FRED DE SAM LAZARO: Minneapolis has long had a reputation for quiet prosperity, a cold climate, and liberal politics, a place where Walter Mondale and Hubert Humphrey began their careers.
SPOKESPERSON: The people of Minneapolis have spoken and they said Sharon!
FRED DE SAM LAZARO: Four years ago Minneapolis elected Sharon Sayles Belton mayor. It was particularly noteworthy because over 80 percent of the voters were white, according to University of Minnesota Urban Affairs Scholar Judith Martin.
JUDITH MARTIN, University of Minnesota: I don't think it was in any way, shape, or form a reflection of racial politics at all, so in that sense the fact that the mayor, who was elected four years ago, was a black woman is almost incidental to the fact that she was a council member who'd been a successful leader on the council and wanted to move forward.
FRED DE SAM LAZARO: Four years forward Mayor Sayles Belton says Minneapolis is enjoying unprecedented economic prosperity. She says property values are up; property taxes are not up; and unemployment is at a record low 2 percent.
MAYOR SHARON SAYLES BELTON, Minneapolis: As we speak, there's a billion dollars' worth of investment going on in downtown, 2 1/2 million square feet of office space under construction, none of it's subsidized by the taxpayers, happening because people are confident in Minneapolis's economy, ten thousands jobs having been created in the last four years. These things, again, bode well for our city.
FRED DE SAM LAZARO: Prosperity typically bodes well for political incumbents as well; however, Sayles Belton faces a challenger who is anything but typical.
BARBARA CARLSON, Mayoral Candidate: I am known to be outspoken. I am know to be bright. I am known in many circles to be outrageous. I speak my mind, and I tell the truth.
FRED DE SAM LAZARO: Fifty-nine-year-old Barbara Carlson is a former Minneapolis City councilor, and she was once married to the current governor, Arne Carlson. But Barbara Carlson's notoriety comes mainly from her six-year stint as a talk radio host when she often worked from her hot tub at home or this one at the Minnesota State Fair. D.J. Leary edits a weekly newsletter "Politics in Minnesota."
D. J. LEARY, Newsletter Editor: This is a woman who kissed a cow on a main street in downtown on the front page of the newspaper, had a tattoo put on her derriere on everything but on C-Span. I mean, she's done everything public you can possibly do and shared rather intimate knowledge of her relationship with the current governor. Barbara is extraordinary at drawing attention to herself and her issues.
FRED DE SAM LAZARO: The big issue Carlson has drawn attention to is one that polls show most worries voters: crime.
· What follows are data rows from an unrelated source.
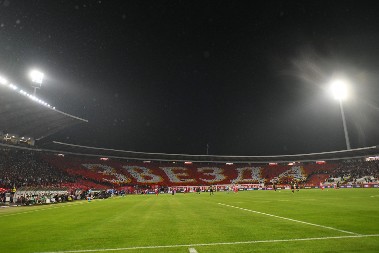 SPEKTAKULARNA KOREOGRAFIJA Ovako su "delije" napravile premijeru u Ligi Evrope (VIDEO)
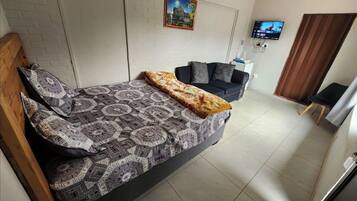 12 habitaciones, tabla de planchar con plancha y wifi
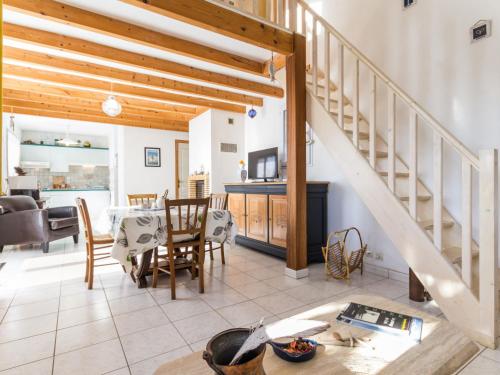 Gîte Saint-Michel-Chef-Chef, 3 pièces, 4 personnes - FR-1-306-876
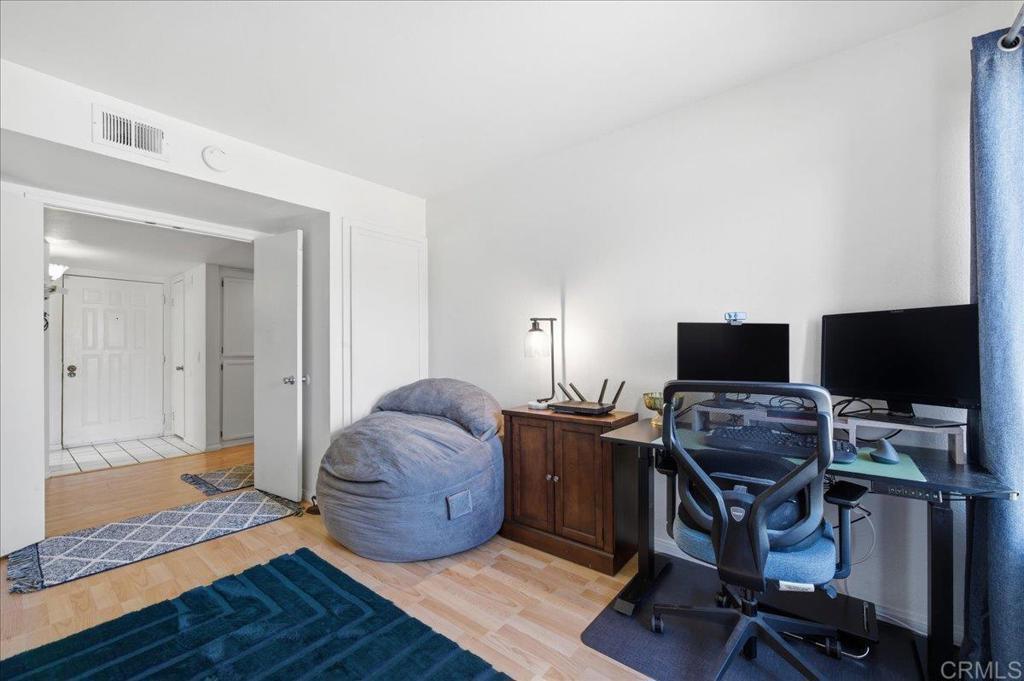 1010 E Washington Avenue #71 Property Photo 3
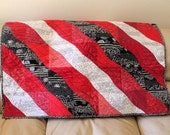 Beautiful Curved Lap Quilt in Red White and Black, Sofa Throw, Blanket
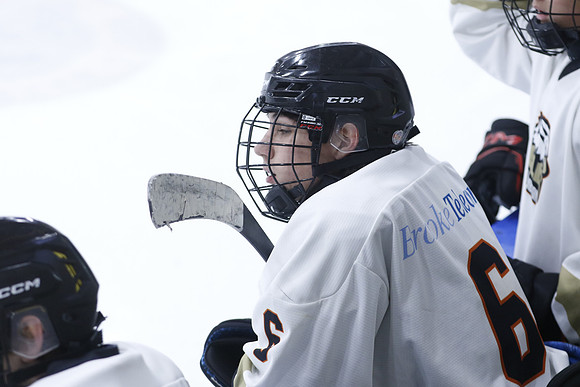 20251031-10586_12 40 pm – U18B – Belle River Jr Canadiens vs East Lambton Eagles – Memorial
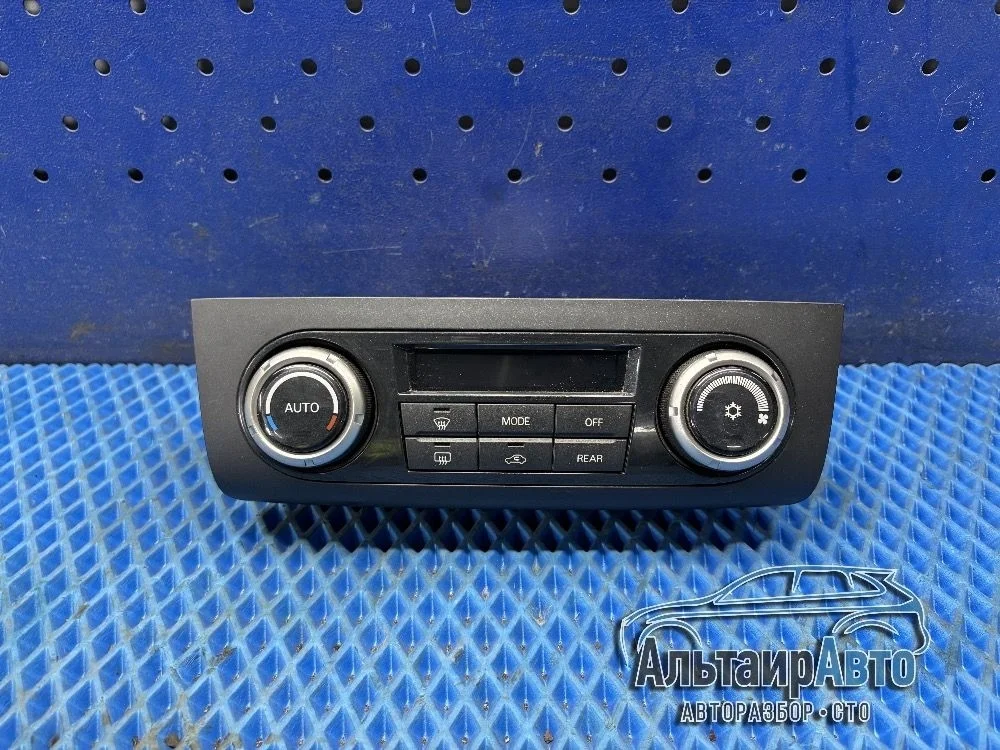 Блок управления отопителем Mitsubishi Pajero IV (2006—2011) Mitsubishi Pajero IV (2006—2011) V98W 7820A269XA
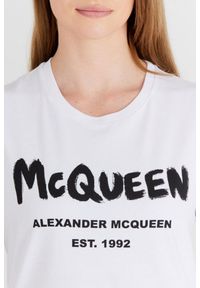 Alexander McQueen - ALEXANDER MCQUEEN Biały t-shirt damski z logo. Kolor: biały. Materiał: bawełna. Wzór: nadruk #4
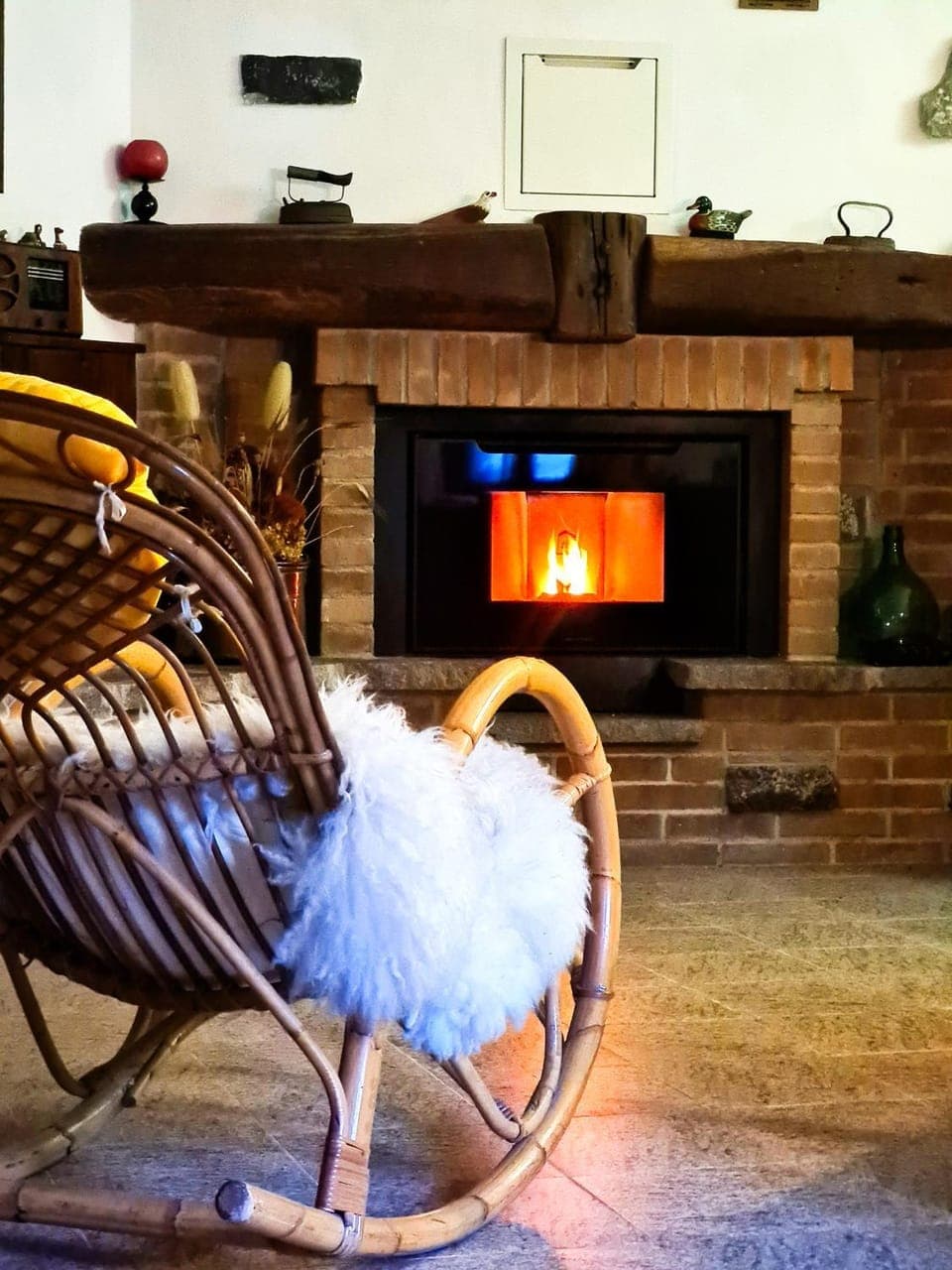 Living room, fireplace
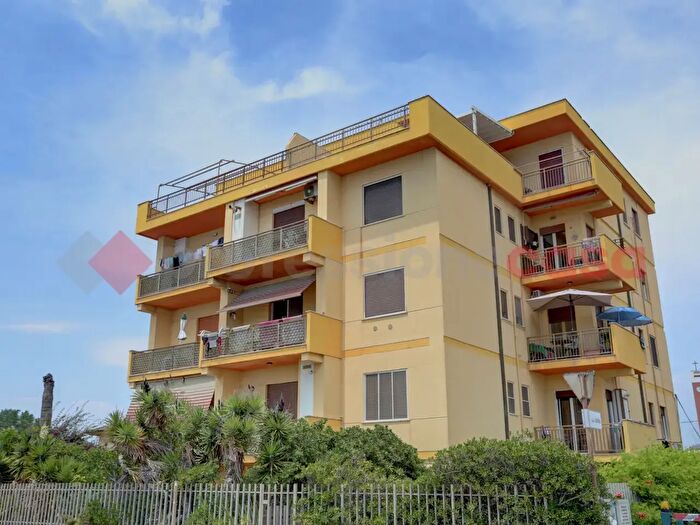 Appartamento trilocale in vendita in Via Ischia, Latina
BARBARA CARLSON: Everyone needs to know how rampant drugs are and how they've been allowed to be rampant in the city of Minneapolis.
FRED DE SAM LAZARO: Carlson wants to add 300 officers to the Minneapolis police force to combat a sharp increase in drug-related crimes. Although down from a peak two years ago, Carlson said crime has increased 9 percent in the city during Sayles Belton's term. Carlson said the main culprits are newcomers from rust belt cities like Chicago and Gary. Many, she charged, are attracted to Minneapolis by its welfare system.
BARBARA CARLSON: We have very generous benefits in the state of Minnesota, and people will never tell you that they will move here for those benefits but they'll say it's the quality of the schools, or it's the parks, or it's the possibility of a new job. But we have a group of people that are not being responsible. We have a group of people that have terrorized this city. We have a group of kids that are selling drugs openly on our street corners.
FRED DE SAM LAZARO: Sayles Belton said she set up programs to provide young people with alternatives to crime, as well as cracked down on criminal activity through beefed-up neighborhood policing. The mayor also takes issue with the way Carlson describes newcomers to the city.
MAYOR SHARON SAYLES BELTON: If they're here to make a contribution or to improve the quality of their life because it's better here than someplace else, that's okay. I've got people who come in all the time from other places, and they settle well in this community, and they make a contribution.
FRED DE SAM LAZARO: Everyone agrees Minneapolis has attracted significant numbers of people living in poverty, and the city has also become a new frontier for drug dealers from cities like Detroit and LA, where markets are relatively saturated. The changes have strained public services, those of both the city and the independent school district. Along with migration from the rust belt Minneapolis has seen growing refugee populations from East Africa and Southeast Asia. Continuing a trend of the past decade, minorities now account for about 30 percent of the city's population, nearly double their numbers since the 1980 Census. Children of color now account for 2/3 of all pupils in the Minneapolis Public Schools.
JUDITH MARTIN: It's become a much more diverse city. The metropolitan area is slowly becoming a more diverse place. We're becoming more like other cities in the United States. It's come to public attention, I think, much more in terms of what you read in the newspaper and what you see on the evening news in terms of who's being arrested and who's being shot on the streets and all of those sorts of things. So there's I think been a growing consciousness about the racial complexity of Minneapolis that wasn't there even just four years ago.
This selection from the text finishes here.